== Data to process ==

────────────────

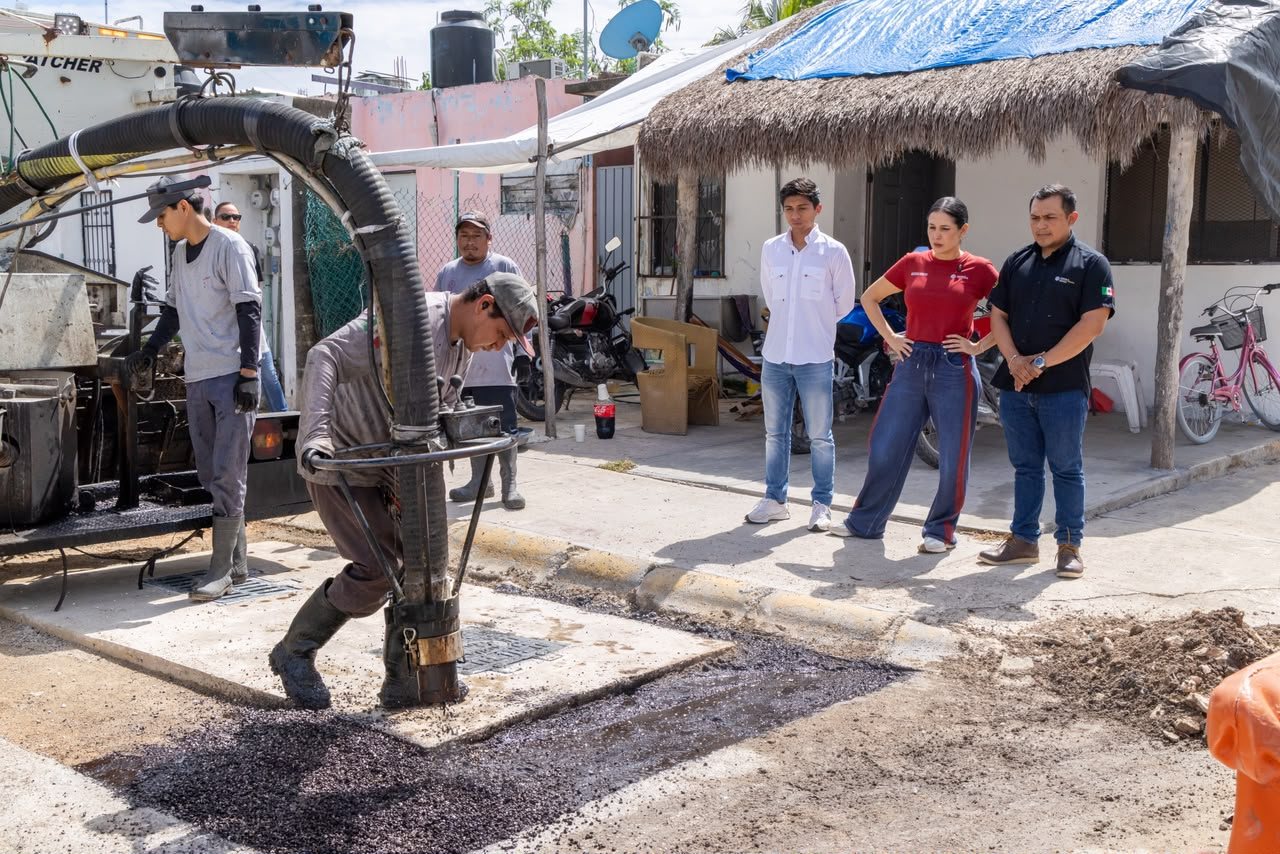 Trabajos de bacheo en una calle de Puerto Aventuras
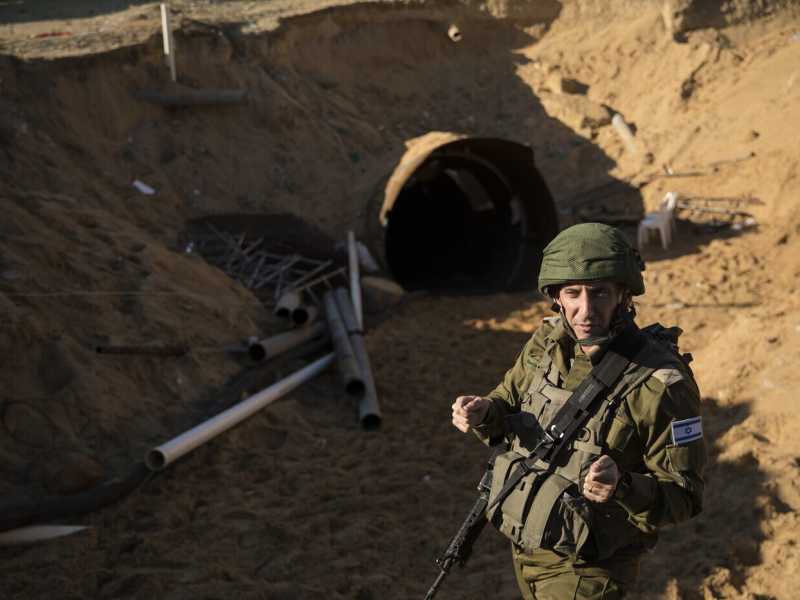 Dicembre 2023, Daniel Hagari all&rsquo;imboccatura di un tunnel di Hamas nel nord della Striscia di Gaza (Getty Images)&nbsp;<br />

────────────────

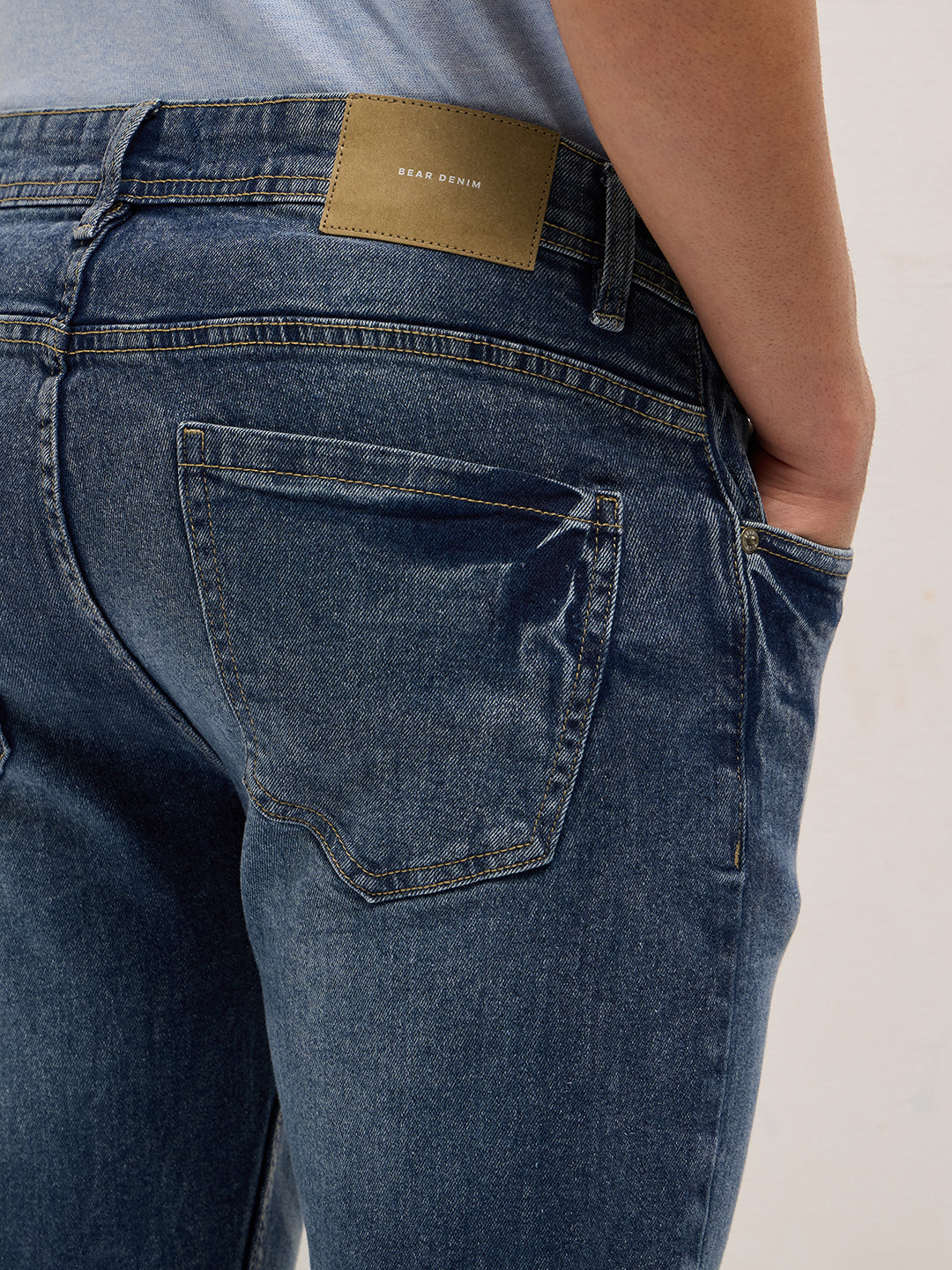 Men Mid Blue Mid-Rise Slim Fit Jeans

────────────────

== Assignment ==
From the records above, copy exactly the lines starting at the one with "Trabajos de bacheo" and ending at the one with "Dicembre 2023, Daniel", and no others. Pictures stay out.

== Your response ==
 Trabajos de bacheo en una calle de Puerto Aventuras
 Dicembre 2023, Daniel Hagari all&rsquo;imboccatura di un tunnel di Hamas nel nord della Striscia di Gaza (Getty Images)&nbsp;<br />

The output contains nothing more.